Her record leap of 18 feet, 7 1/4 inches still stands — it was tied in 1984 — and it's the longest-standing mark on the girls side of the Kansas track and field championships.
But it's not the only long-held record.
In fact, 59 of the 196 records in events that haven't changed in decades are at least 25 years old.
It's hard to pin down why so many records have lasted so long. Some, such as the Class 6A boys shot put record owned by Shawnee Mission South's Clint Johnson in 1980 (69 feet, 1 1/4 inches), are a matter of a gifted athlete setting the mark so far past anyone that it will take another amazing effort to top it.
Most other records seem within reach, though, and are just waiting for the right athlete having the right day.
One longtime meet observer wonders if enough right athletes are getting their chance.

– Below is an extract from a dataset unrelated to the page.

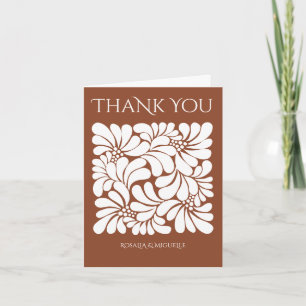 Talavera terracotta boho Mexican wedding Thank You Card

"With the additions of baseball, softball, girls soccer and swimming at a lot of schools, that has made a real difference," said Carol Swenson, the meet's historian and one of its public-address announcers.
"Track was the main sport in the spring 30 years ago. It's not as much now. There was also such a good group of coaches at that time. Very veteran but very progressive in the sport, too."

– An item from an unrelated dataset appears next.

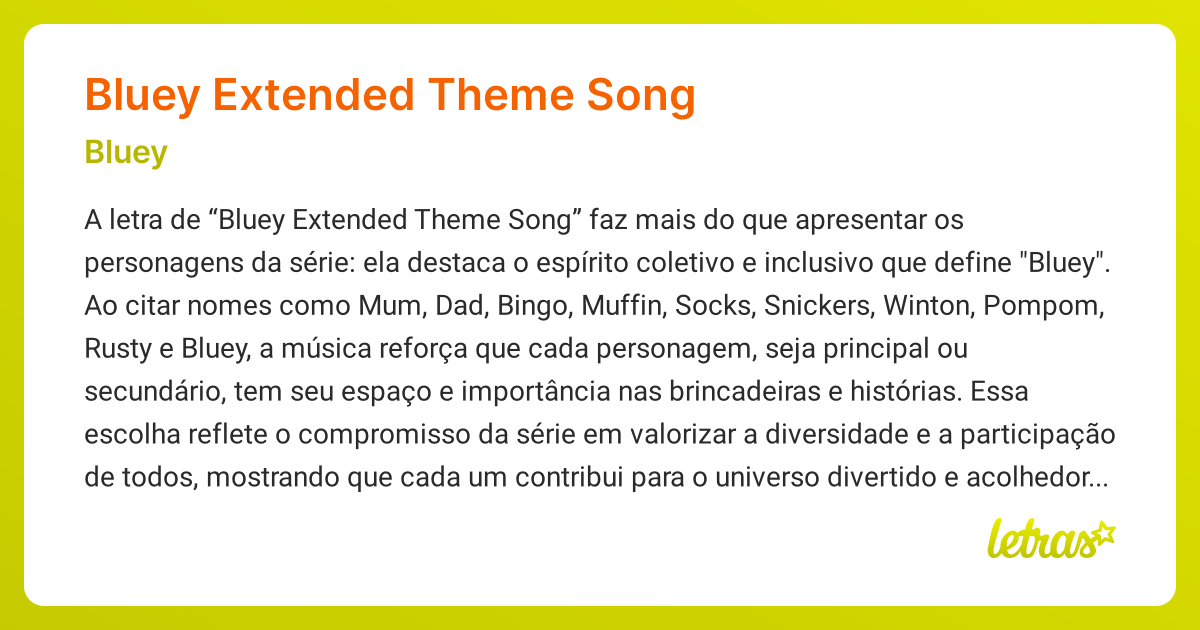 Significado da música BLUEY EXTENDED THEME SONG (Bluey) - LETRAS.MUS.BR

Dean Herzog was among the athletes who benefited in the 1970s. A high jumper from Lansing, he set the Class 4A meet record in the 1974 high jump at 7 feet, 1 3/4 inches.

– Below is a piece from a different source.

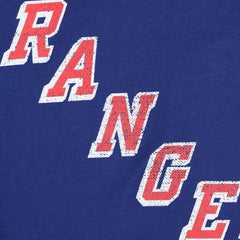 New York Rangers Profile Women's Plus Size Distressed Printed Name & Number Long Sleeve T-Shirt Blue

Like Wilson, he doesn't remember a lot about the day. He does know it was a national record that stood for three years, and that it was around 100 degrees and he continually kept looking for shady spots.
"The only other thing I remember is that as they were raising the bar higher and higher, you could see the crowd moving down (the stands) toward that end," Herzog said.
Herzog, who later jumped for Nebraska, missed twice at 6-6 and was a miss from being eliminated. But he didn't miss again until three attempts at 7-3 1/4.